**EXERCISE GOAL**
Reproduce precisely the lines of the listing below, starting with the line that contains "Японские спортивные наручные" and stopping after the line that contains "RENAULT KADJAR - voiture"; include nothing else.

**DATA EXTRACTS**
^^^^^^^^
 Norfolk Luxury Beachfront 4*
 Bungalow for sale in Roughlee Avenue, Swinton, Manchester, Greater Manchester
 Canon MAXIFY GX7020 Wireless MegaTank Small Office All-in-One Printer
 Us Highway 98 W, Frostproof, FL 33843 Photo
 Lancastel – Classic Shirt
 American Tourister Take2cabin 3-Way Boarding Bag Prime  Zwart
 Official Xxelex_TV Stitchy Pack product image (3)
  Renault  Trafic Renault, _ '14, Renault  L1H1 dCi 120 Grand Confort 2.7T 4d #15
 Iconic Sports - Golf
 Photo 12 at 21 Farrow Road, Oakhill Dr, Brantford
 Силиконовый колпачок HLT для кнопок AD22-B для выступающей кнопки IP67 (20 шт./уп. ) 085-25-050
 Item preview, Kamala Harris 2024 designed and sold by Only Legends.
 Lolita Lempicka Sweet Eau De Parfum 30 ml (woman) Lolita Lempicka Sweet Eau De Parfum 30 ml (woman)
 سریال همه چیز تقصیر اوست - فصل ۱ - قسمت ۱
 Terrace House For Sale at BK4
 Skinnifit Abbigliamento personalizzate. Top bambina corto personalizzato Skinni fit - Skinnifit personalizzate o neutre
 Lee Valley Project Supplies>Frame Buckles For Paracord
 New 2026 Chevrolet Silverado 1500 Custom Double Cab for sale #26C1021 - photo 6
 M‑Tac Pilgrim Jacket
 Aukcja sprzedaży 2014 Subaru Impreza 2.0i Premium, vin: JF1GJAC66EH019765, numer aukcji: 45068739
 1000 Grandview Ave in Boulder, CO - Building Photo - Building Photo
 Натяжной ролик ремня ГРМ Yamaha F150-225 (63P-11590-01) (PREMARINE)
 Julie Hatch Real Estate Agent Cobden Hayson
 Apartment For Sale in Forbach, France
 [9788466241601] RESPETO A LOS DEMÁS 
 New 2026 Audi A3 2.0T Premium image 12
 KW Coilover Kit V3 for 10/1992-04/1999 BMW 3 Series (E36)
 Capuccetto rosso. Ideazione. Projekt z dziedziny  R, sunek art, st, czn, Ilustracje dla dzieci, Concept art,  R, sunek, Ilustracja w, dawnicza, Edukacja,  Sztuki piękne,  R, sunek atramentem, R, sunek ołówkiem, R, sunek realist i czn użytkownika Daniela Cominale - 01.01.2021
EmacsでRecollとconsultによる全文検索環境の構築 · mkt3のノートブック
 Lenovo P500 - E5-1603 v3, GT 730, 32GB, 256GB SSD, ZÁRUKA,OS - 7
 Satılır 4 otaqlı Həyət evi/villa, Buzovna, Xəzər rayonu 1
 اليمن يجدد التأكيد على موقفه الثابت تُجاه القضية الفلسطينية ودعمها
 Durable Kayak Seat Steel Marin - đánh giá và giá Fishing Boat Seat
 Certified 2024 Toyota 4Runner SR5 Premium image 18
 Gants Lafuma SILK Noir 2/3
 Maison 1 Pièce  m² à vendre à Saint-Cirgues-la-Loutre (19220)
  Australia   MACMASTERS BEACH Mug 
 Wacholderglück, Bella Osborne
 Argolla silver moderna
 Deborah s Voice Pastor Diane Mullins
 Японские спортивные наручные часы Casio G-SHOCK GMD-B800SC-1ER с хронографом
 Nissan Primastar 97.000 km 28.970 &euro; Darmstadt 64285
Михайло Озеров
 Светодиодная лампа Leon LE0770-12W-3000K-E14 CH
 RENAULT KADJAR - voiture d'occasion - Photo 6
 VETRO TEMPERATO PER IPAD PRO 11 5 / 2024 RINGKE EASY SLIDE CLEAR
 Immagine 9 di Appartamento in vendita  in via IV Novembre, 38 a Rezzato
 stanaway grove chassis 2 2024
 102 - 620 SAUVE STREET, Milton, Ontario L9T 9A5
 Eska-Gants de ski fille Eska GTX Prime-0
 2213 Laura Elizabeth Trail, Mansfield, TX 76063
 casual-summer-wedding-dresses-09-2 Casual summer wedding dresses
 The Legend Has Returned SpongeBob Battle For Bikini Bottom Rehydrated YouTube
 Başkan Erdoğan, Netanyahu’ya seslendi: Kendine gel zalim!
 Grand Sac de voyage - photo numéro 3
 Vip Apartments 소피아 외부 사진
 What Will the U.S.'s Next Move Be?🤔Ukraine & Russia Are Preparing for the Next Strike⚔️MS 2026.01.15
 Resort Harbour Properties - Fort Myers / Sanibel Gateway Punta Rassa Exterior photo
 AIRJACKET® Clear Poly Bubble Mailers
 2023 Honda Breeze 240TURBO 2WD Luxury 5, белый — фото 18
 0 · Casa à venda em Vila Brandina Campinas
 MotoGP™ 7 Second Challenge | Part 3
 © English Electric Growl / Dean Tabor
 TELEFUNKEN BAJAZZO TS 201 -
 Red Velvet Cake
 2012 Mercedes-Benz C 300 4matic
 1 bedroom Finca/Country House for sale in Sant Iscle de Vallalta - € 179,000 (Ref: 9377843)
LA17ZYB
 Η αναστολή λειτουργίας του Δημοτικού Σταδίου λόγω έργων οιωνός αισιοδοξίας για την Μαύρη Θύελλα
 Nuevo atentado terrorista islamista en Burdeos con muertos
^^^^^^^^
**SOLUTION FOR THIS EXERCISE**
 Японские спортивные наручные часы Casio G-SHOCK GMD-B800SC-1ER с хронографом
 Nissan Primastar 97.000 km 28.970 &euro; Darmstadt 64285
Михайло Озеров
 Светодиодная лампа Leon LE0770-12W-3000K-E14 CH
 RENAULT KADJAR - voiture d'occasion - Photo 6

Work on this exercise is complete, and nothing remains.